EEK! Those Power Plants Are Spewing Water Into the Atmosphere!

Yet another media article on CO2 illustrated with steam plumes

Postscript:  This is even funnier, potentially, since given the size and design of those cooling towers, this is very likely a nuclear plant, which of course has no CO2 emissions at all.

Postscript #2:  I tried a reverse image search to try to confirm my guess this is a nuclear plant.  This is what Google returned:

co2_fail

That will give you some idea how often the media has used this stock image of water vapor to illustrate CO2 articles.

13 Comments

  1. abe:

    DHMO ! We are all Doomed! It is in our air we Breathe! Obama Save Us !

  2. Matthew Slyfield:

    Please don't give him ideas, he might actually try it.

  3. Jerryskids:

    That's the Boxberg Power Station in Germany - it is indeed a coal plant and even though it's been down-sized and retro-fitted to be as clean as possible it's the European poster child for "dirty energy". The CO2 reference you found was probably due to Greenpeace occupying the plant and hanging a bunch of "Stop CO2" banners back in 2008. It's a case of the enviros demanding it be shut down and replaced with clean energy even though there's nothing that can scale economically. They're demanding unicorn farts.

  4. Not Sure:

    Headline: "Earth's CO2 levels have permanently crossed the 400ppm threshold"
    Article: "According to climate scientists, it is extremely unlikely that the planet will ever drop below those levels again in our lifetimes."
    Extremely unlikely in our lifetimes = permanently?

  5. joe:

    both molecules have 1 atom of oxygen - its all the same - just ask any scientist - especially a climate scientist - they are absolutely infallable

  6. abe:

    He IS trying it !

  7. ano333:

    Ironically, water vapor is also a greenhouse gas according to NASA. Still doesn't make sense to have pics of water vapor on articles about CO2 though...

  8. Jason Calley:

    The ultimate irony will happen when the greenies, worried about H2O greenhouse pollution from the oceans, propose massive oil tanker spills to seal off the sea from evaporation.

  9. niccolom777:

    Here is another shot of the power station taken by the same photographer. More info on the plant here

  10. Jason Calley:

    "Extremely unlikely in our lifetimes = permanently?"

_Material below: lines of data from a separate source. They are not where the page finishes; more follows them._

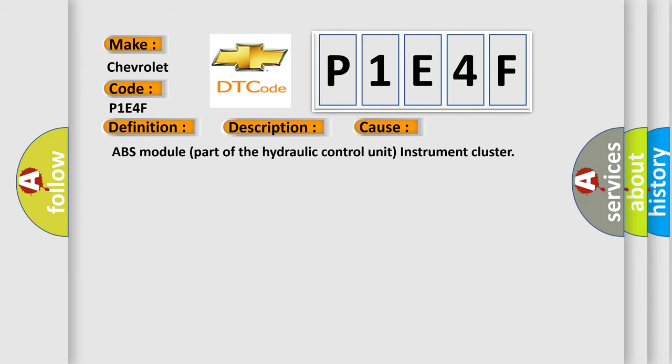ABS module part of the hydraulic control unit, and instrument cluster.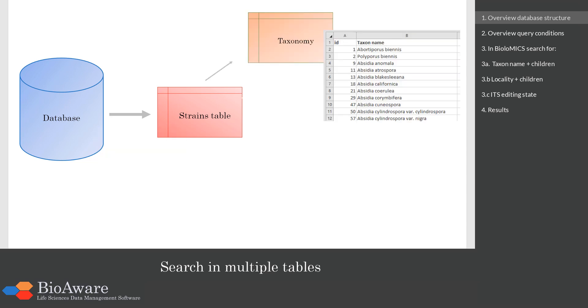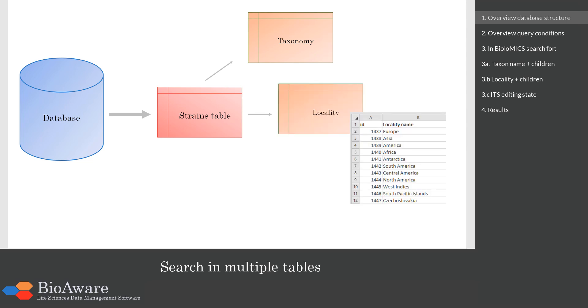The strains can be connected to a taxonomy table where we have a list of all the taxonomic names. The strain can also be connected to a locality table where we have one record for each of the localities.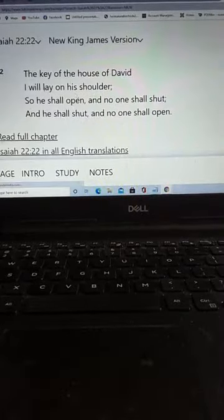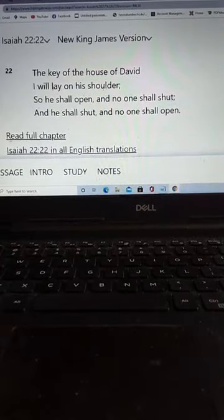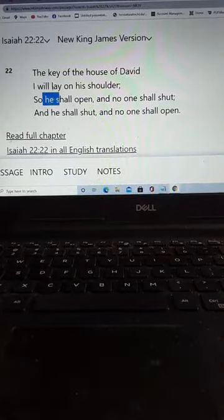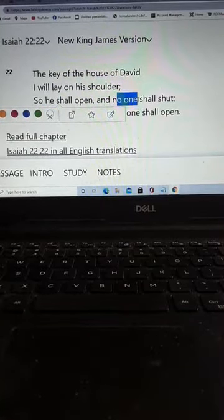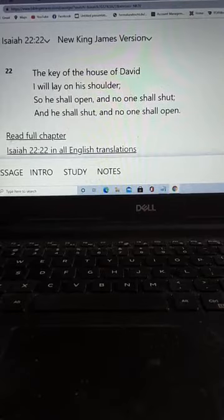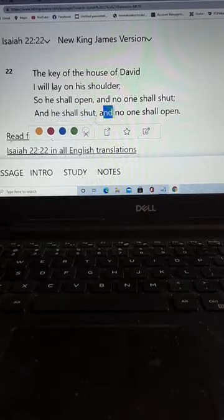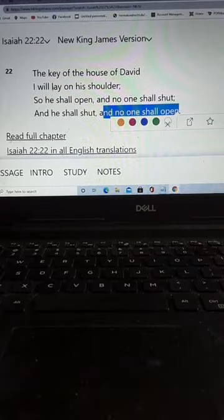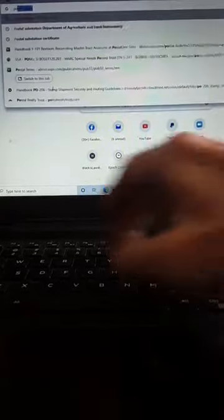In Isaiah 22:22 of the King James Version of the Bible, we see: 'The key of the house of David I will lay on his shoulder; so he shall open and no one shall shut, and he shall shut and no one shall open.'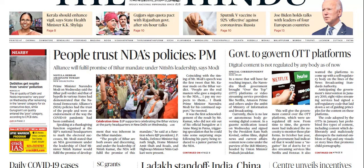OTT stands for 'over the top' content platforms — platforms like Netflix and Amazon Prime. Before this government decision, there was no regulation as such, but now they will come under the ambit of the Ministry of Information and Broadcasting. You can use this in your answers as far as regulation is concerned.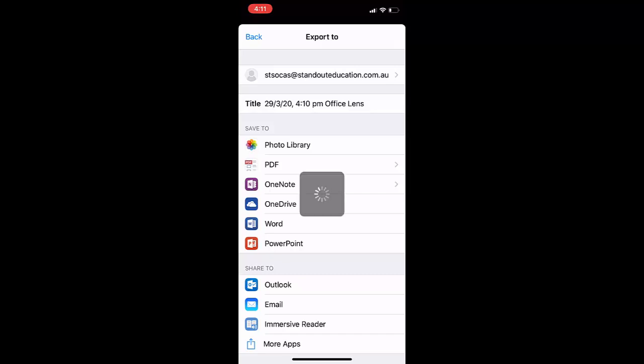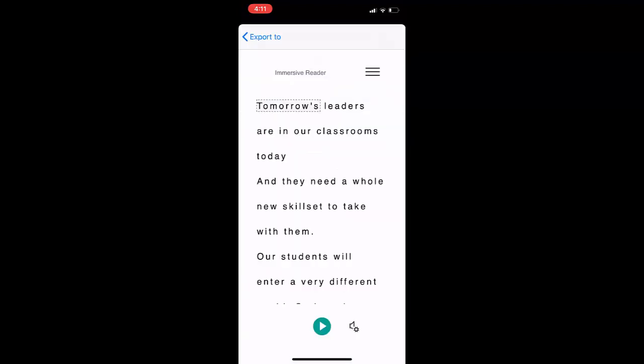Immersive Reader will use optical character recognition to extract the writing out of the screen, ready for you to play back and hear those words. Pretty impressive technology — make Lens one of your productivity tools while you're working at home.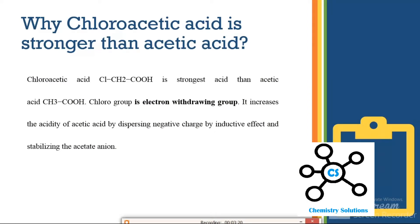In a nutshell, the chloro group is an electron withdrawing group that induces an inductive effect within the molecule. A second reason is that the conjugate base of chloroacetic acid is more stable compared to the conjugate base of acetic acid. Therefore, chloroacetic acid donates the proton much more easily than acetic acid — that's why it is a stronger acid.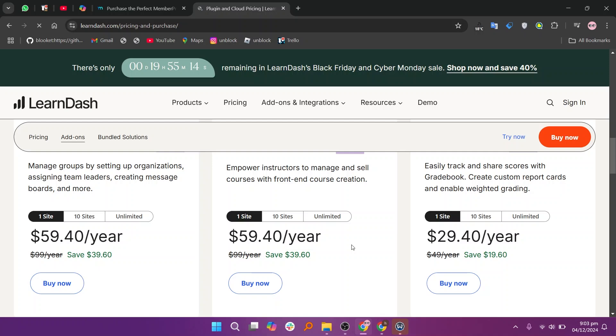So that's comparison between MemberPress and LearnDash. Make sure to use the links given down in the description to get started with either MemberPress or LearnDash. If this video was helpful, please consider leaving a like and subscribing to my channel. With that being said, I'll see you in the next video.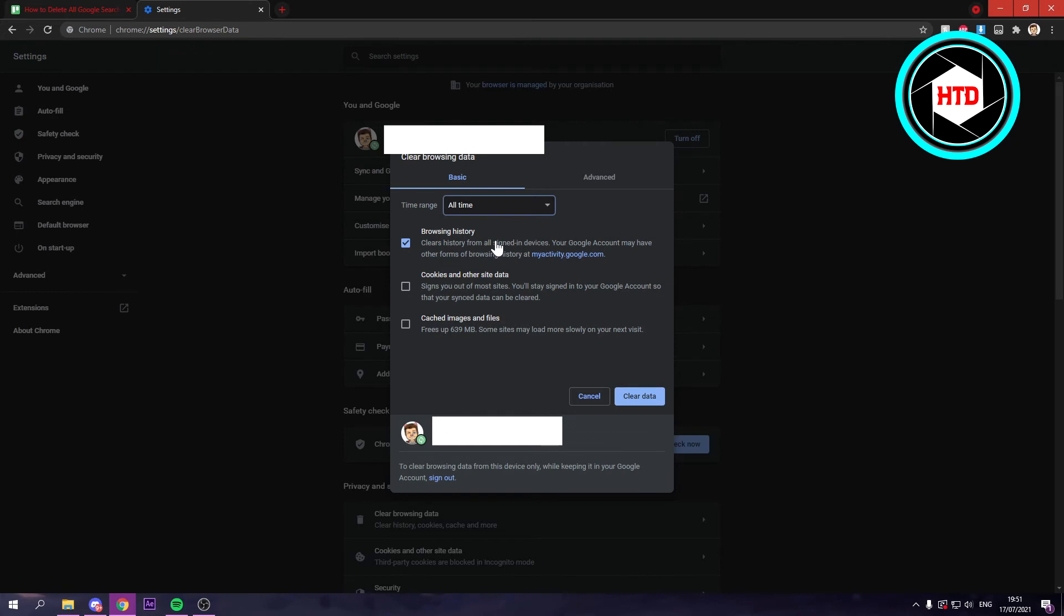Once you've selected that, click on clear data. This will delete your browsing or search history of all time for the specific Google account you're logged into.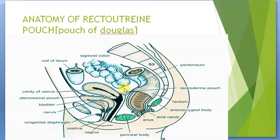This is a very important technique, especially performed in females, because this pouch is mostly present in females. Thank you.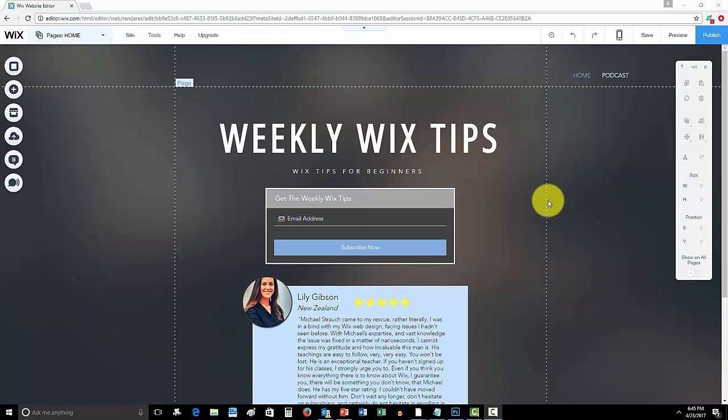If you have not done that yet, the winner of the contest will get a free custom Wix website built from me for you. Yeah, I mean there's nothing to lose, no catch to it. I just wanted to show you guys my appreciation. So if you've not checked out that video I highly recommend you go do so because you never know, you could be that lucky winner.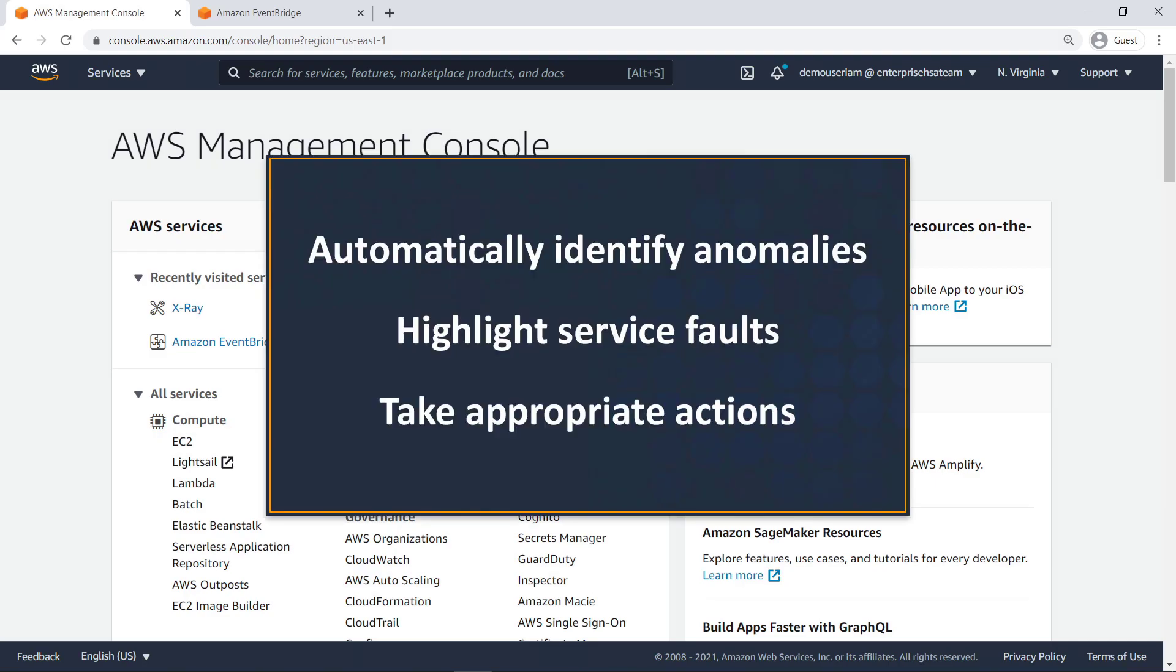In this video, you'll see how to use AWS X-Ray Insights. With this feature, you can automatically identify anomalies in trace data to highlight service faults so you can take appropriate corrective actions.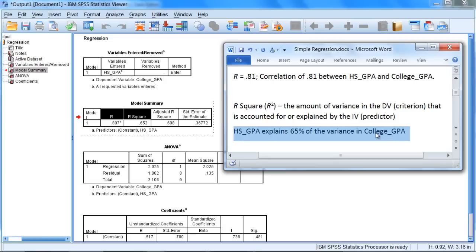Well, if you think of the variance of our dependent variable, college GPA, if it's represented by a circle, and that circle could be a pie or a pizza. And if you think 65 percent, if we call that two-thirds, just to round it, if we took two-thirds of that pizza or two-thirds of that pie...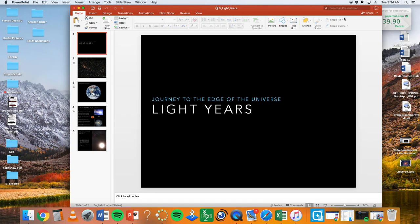We are off. Welcome back, party people. We are going to be doing 8.8c electromagnetic spectrum — exploring the different wavelengths of the EM spectrum, such as light and radio waves, which are used to gain information about distances and properties of components within our amazing universe.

    The way the MSM report things, "will last more than two years = permanently"!

  11. obloodyhell:

    Well, water vapor IS a GHG.... LOLZ.

  12. Blackbeard:

    Before the Industrial Revolution CO2 concentration was about 250 ppm. This was dangerously low as at about 180 ppm photosynthesis stops and all oxygen breathing life on Earth ends. Luckily we industrialized and now we have a decent safety margin. Nevertheless, 400 ppm is still quite low on a geological time scale.